Inventing the future of wireless networks

How do you predict the future? That’s one of the big challenges of the world’s largest academic 5G innovation centre (5GIC), which brings together the UK’s four mobile operators with 70 researchers from 24 companies, including Blu Wireless.

The challenge is to develop the technology that will be used for mobile connectivity of all kinds from 2020 and last for another 20 years. What will networks look like in 2040, for example? That’s a mind blowing question. The £70m centre at the University of Surrey in Guildford is part of finding those answers, having already shown technology that enables data speeds of over 1Tbit/s on mobile links. But it’s not just the link from the basestation to the user. All that data has to be carried over the core network out to the edge – whether that’s a basestation, small cell or some other technology by 2040 – and that’s a major challenge, especially when we don’t know what 5G will look like yet.
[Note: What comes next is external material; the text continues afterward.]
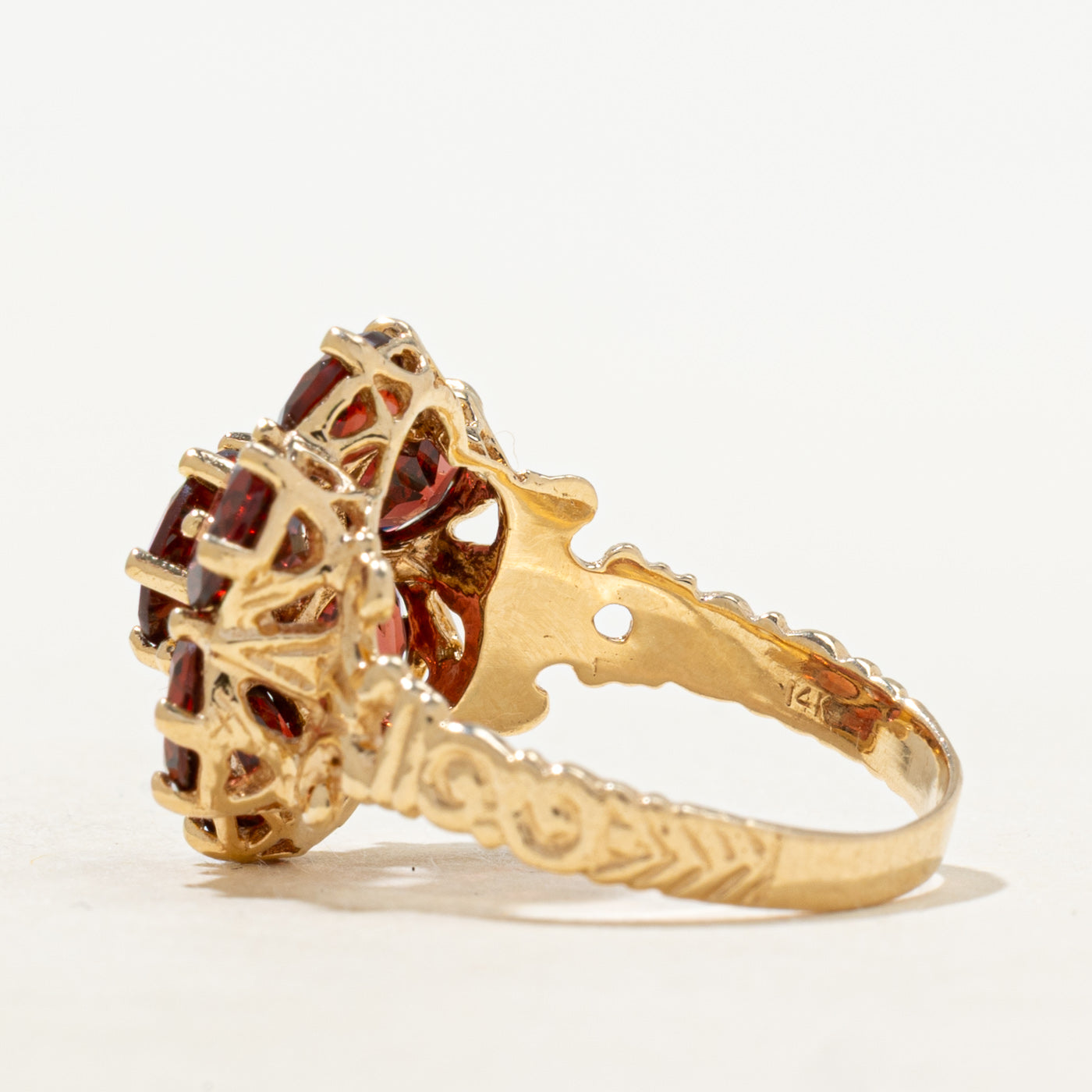 Garnet Cluster Scrollwork Cocktail Ring | 3.80ctw | SZ 6.5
What we can predict is that demand for capacity, download speeds and upload speeds will increase dramatically. So how do you develop a system that’s 1000 times faster than today’s highest 4G speeds, with response times 5 times faster and with 1000 times the capacity, all with today’s technology? Much of the work is in understanding the physical technology and what the system architecture could do. This will open up the ability to carry 4K UltraHD video to mobile phones, as well as providing a huge step forward for the Internet of Things (IoT). The current technology proposals for 5G can support three times the number of IoT devices than 4G using a spare code multiple access approach. Both these advances are already being demonstrated at the centre, for the first time anywhere in the world, with an UHD demo from Huawei and BT.

It’s an ambitious target, but the partners involved in the centre are aiming to create a complete 5G system at the centre by 2018 using today’s technologies, including a complete core network that can also be used for IoT. Before that happens, the standards will also be completed by the end of 2016 to allow developers to get to work on implementing the technologies we will need for those networks.

There’s a long way to go with 5G, but the 5GIC is right at the forefront of the latest technologies, working out the way forward. One of those key technologies will be millimetre wave, where Blu Wireless has world-leading expertise. Whether this is for point to point backhaul links to a basestation or small cell, or an ultra high bandwidth link direct to a terminal, the researchers at the centre can use BWT’s technology to push back the boundaries of what’s possible in mobile network technology.

Bringing together researchers and technology experts from all over the world and from both small and large companies, 5GIC is one of the best ways of not just predicting the future, but inventing it instead.